21. Although the Claimants denied that they attempted to steal the crate of watermelon, they were unable to explain how the crate found its way to the weighing point and why they did not engage the Supervisor when they discovered the mistake or confusion if that was the case. Although the Respondent led no evidence on how the Claimants intended to move the crate of watermelon out of the compound or whether another or other employees well involved, it is not in dispute that the Claimants created the suspicious circumstances that led to their summary dismissal on 22nd July 2016.  If the mix up was genuine, the Claimants should have taken the initiative and explained the same to the Supervisor before the Supervisor or management perceived their conduct as attempted theft.

22. In the totality of the evidence on record, the Court finds that the Respondent had a valid and fair reason to dismiss the Claimants as provided by Section 43(2) of the Act.

23. On procedural fairness as ordained by Sections 41 and 45 of the Employment Act, the Claimants testified that they were not taken through any disciplinary hearing and the Respondent’s witness confirmed on cross examination that the Respondent had no disciplinary procedures for employees. It therefore follows that the summary dismissal of the Claimants on 22nd July 2016 was procedurally flawed. The decision in Davis Sokoto Nanyamal v Church World Service (CWS)/Resettlement Support Centre (RSC) Africa (supra).

24. It is the finding of this Court that the dismissal of the Claimants on 22nd July 2016 was unfair.

Reliefs

(a) Both Claimants pray for the equivalent of 12 months’ salary for the unfair termination. A total sum of Kshs.444,000.

25. The remedy of compensation is provided by Section 49(1)(c) of the Employment Act. Although the remedy is discretional, the Court is enjoined to exercise judicial discretion on the basis of the parameters or factors set forth in Section 49(4) of the Act. Taking into account the fact that the Claimants served the Respondent for about 4 years, 8 months and wished to continue but created the suspicious circumstances that led to their termination, the equivalent of two months’ salary is fair.

26. In the final analysis judgment is entered for the Claimants as follows –

(i) Dominic Owuor Okumu

(18,500 x 2) Kshs.37,000

(ii) Charles Odhiambo Ochieng

(18,500 x 2) Kshs.37,000

(iii) Interest at Court rates from the date of judgment till payment in full.

(iv) There will be no order as to costs.

27. Orders accordingly.

DATED, SIGNED AND DELIVERED VIRTUALLY AT NAIROBI ON THIS 28TH DAY OF OCTOBER 2021

DR. JACOB GAKERI

JUDGE

ORDER

In view of the declaration of measures restricting court operations due to the COVID-19 pandemic and in light of the directions issued by His Lordship, the Chief Justice on 15th March 2020 and subsequent directions of 21st April 2020 that judgments and rulings shall be delivered through video conferencing or via email.  They have waived compliance with Order 21 Rule 1 of the Civil Procedure Rules, which requires that all judgments and rulings be pronounced in open court.
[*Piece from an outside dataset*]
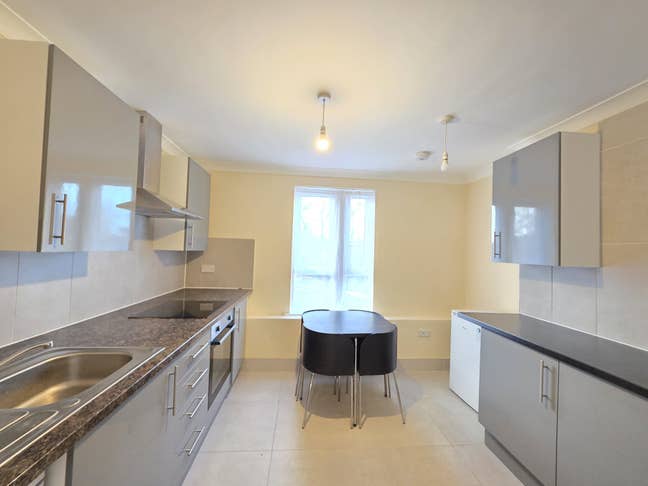 3 Double  Rooms/En Suite/Bills inc/No Deposit Main Photo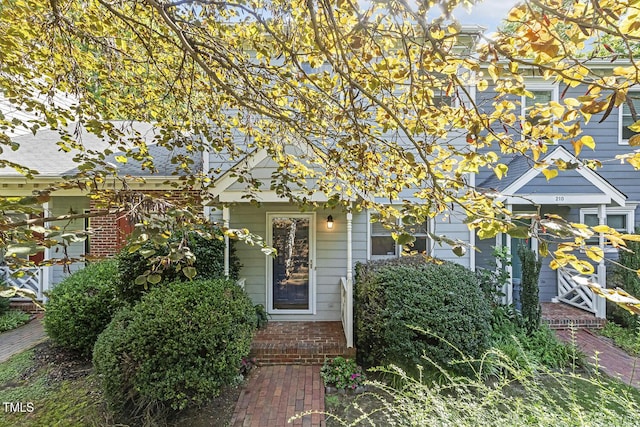 212 Cross Keys Ct, Cary, NC 27511 - doorway to property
In permitting this course, this court has been guided by Article 159(2)(d) of the Constitution which requires the court to eschew undue technicalities in delivering justice, the right of access to justice guaranteed to every person under Article 48 of the Constitution and the provisions of Section 1B of the Civil Procedure Act (Chapter 21 of the Laws of Kenya) which impose on this court the duty of the court, inter alia, to use suitable technology to enhance the overriding objective which is to facilitate just, expeditious, proportionate and affordable resolution of civil disputes.